▶ Problem statement
All lines from the top of the records below through the line holding "Graphic Tee to", and only those, should be printed exactly, minus the pictures.

*** Block opens ***

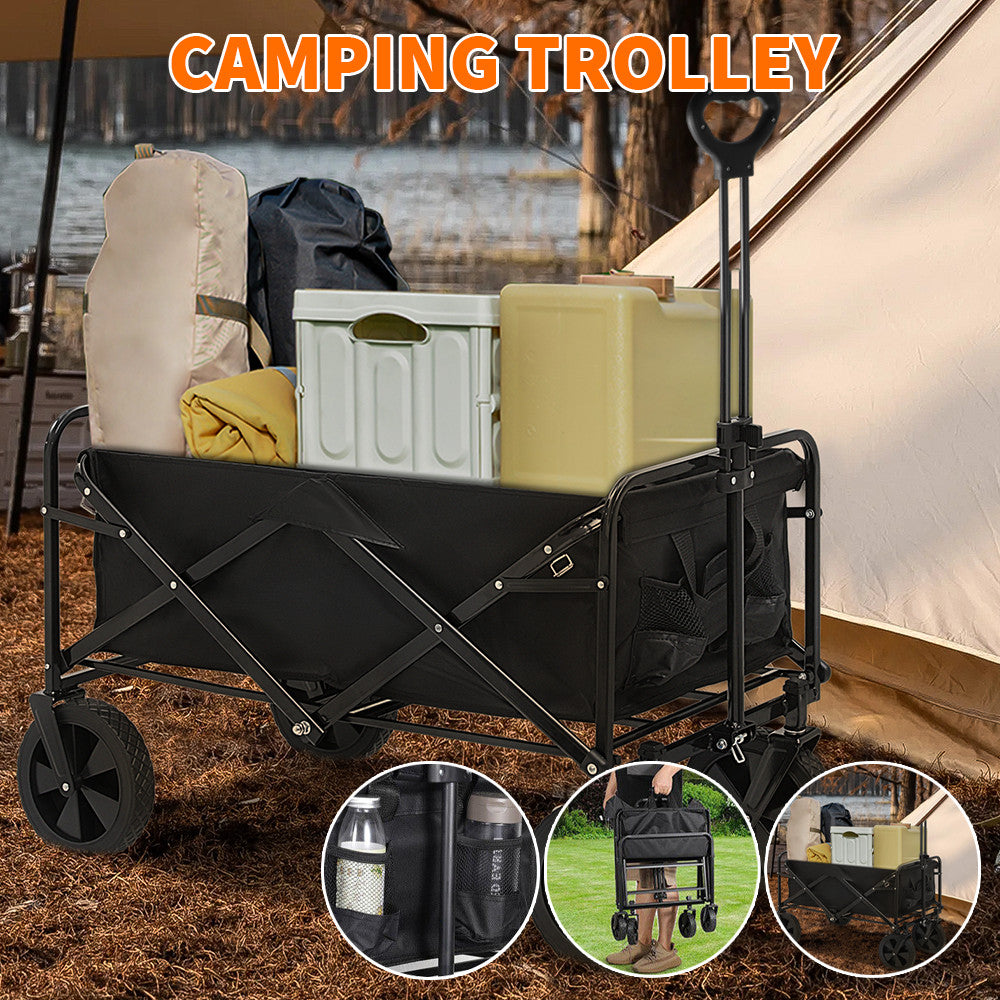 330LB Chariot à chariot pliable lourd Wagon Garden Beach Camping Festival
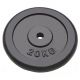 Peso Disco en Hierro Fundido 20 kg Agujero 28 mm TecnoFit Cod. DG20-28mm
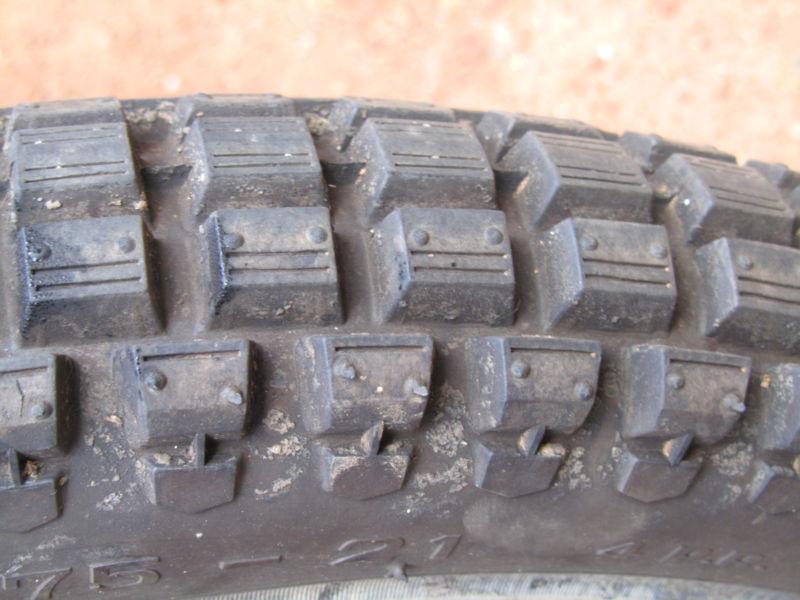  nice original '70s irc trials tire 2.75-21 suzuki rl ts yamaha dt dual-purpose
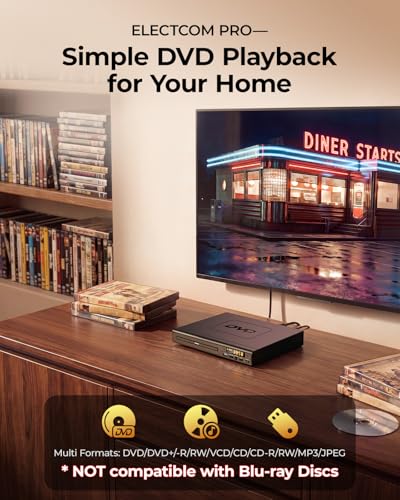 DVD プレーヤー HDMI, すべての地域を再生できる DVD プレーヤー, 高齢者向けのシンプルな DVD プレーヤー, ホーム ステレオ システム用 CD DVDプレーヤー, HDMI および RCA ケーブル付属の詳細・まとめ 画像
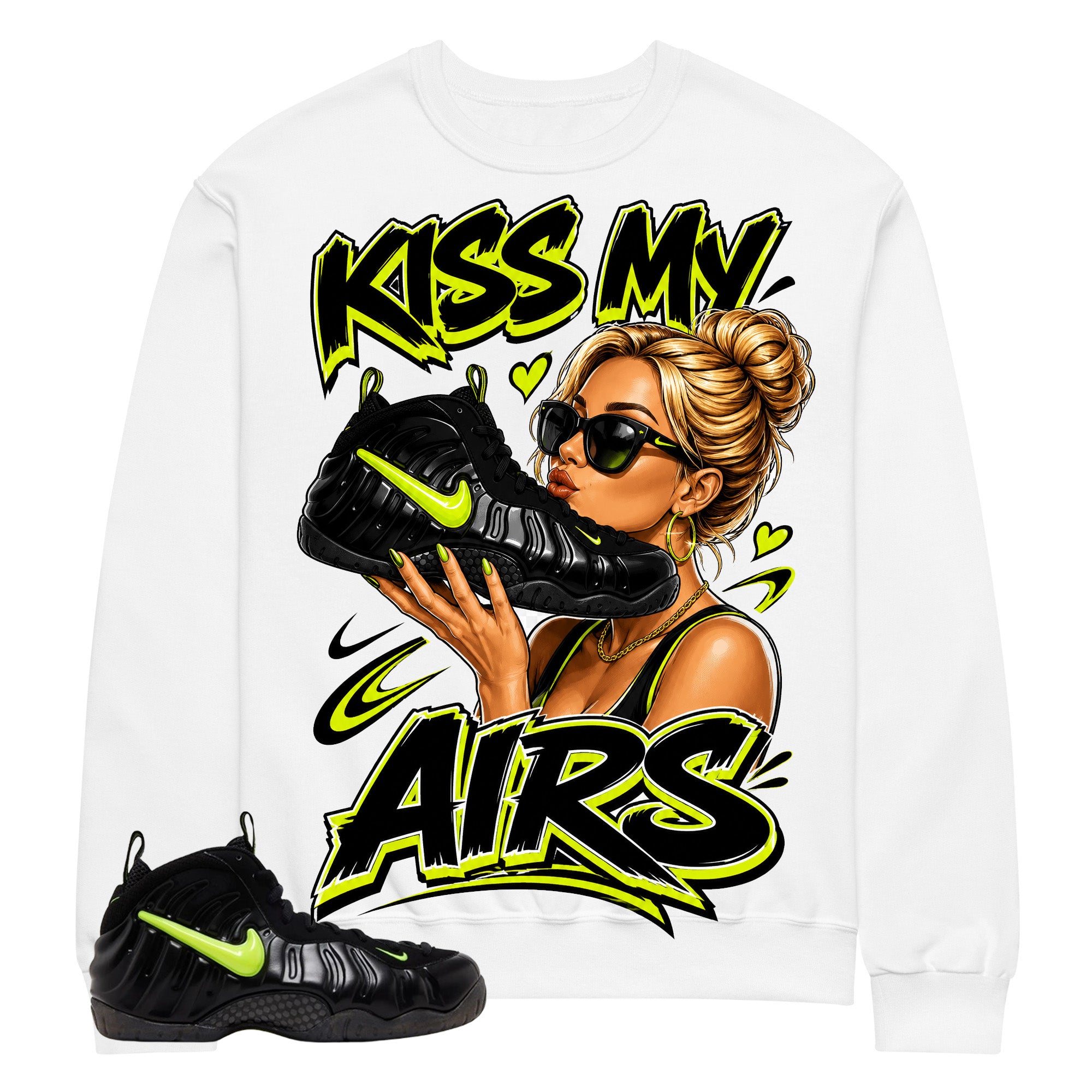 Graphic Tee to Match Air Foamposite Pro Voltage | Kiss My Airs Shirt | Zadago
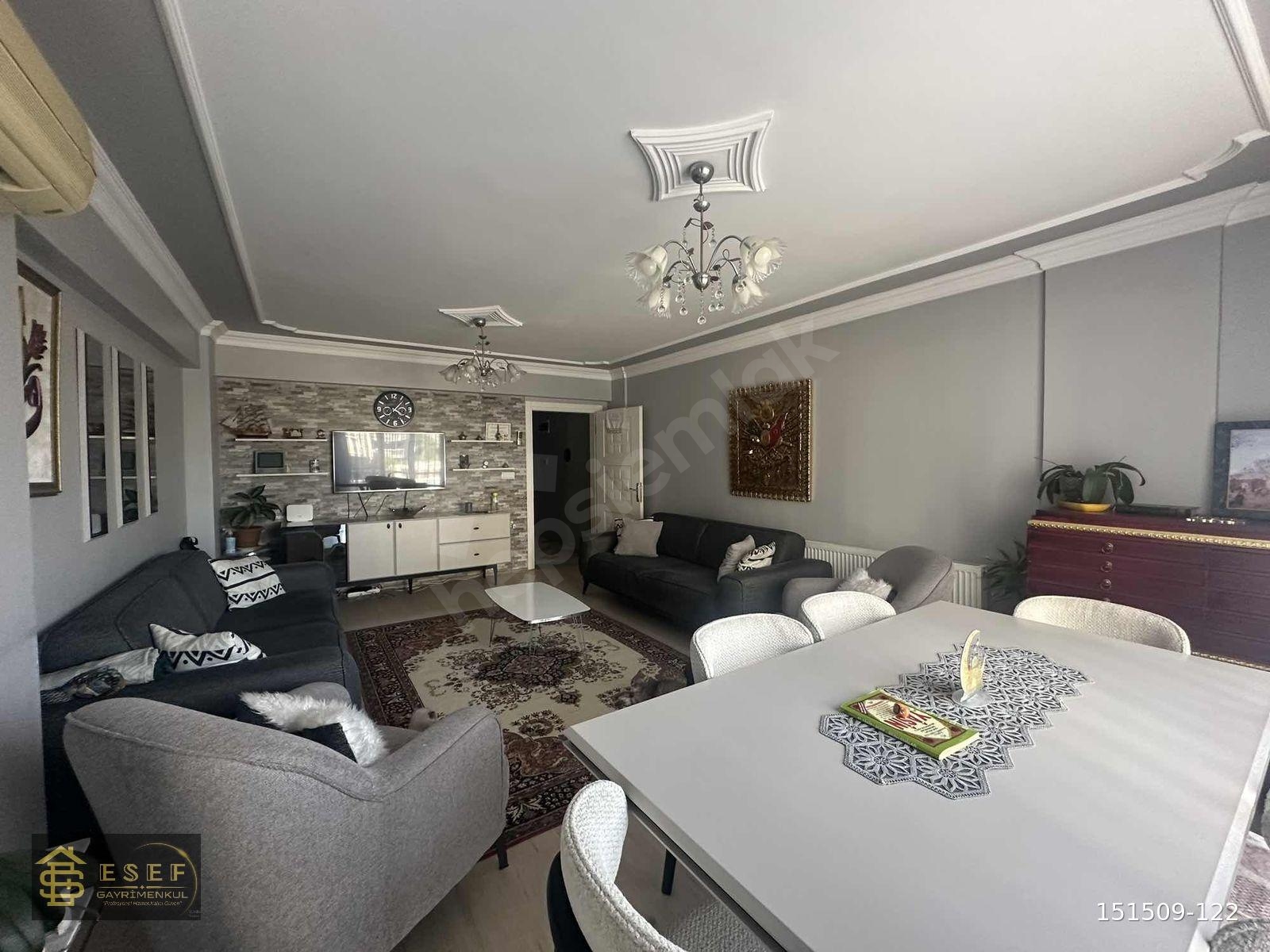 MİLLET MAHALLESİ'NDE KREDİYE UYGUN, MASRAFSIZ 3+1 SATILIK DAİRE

*** Block closes ***

▶ Solution below
 330LB Chariot à chariot pliable lourd Wagon Garden Beach Camping Festival
 Peso Disco en Hierro Fundido 20 kg Agujero 28 mm TecnoFit Cod. DG20-28mm
  nice original '70s irc trials tire 2.75-21 suzuki rl ts yamaha dt dual-purpose
 DVD プレーヤー HDMI, すべての地域を再生できる DVD プレーヤー, 高齢者向けのシンプルな DVD プレーヤー, ホーム ステレオ システム用 CD DVDプレーヤー, HDMI および RCA ケーブル付属の詳細・まとめ 画像
 Graphic Tee to Match Air Foamposite Pro Voltage | Kiss My Airs Shirt | Zadago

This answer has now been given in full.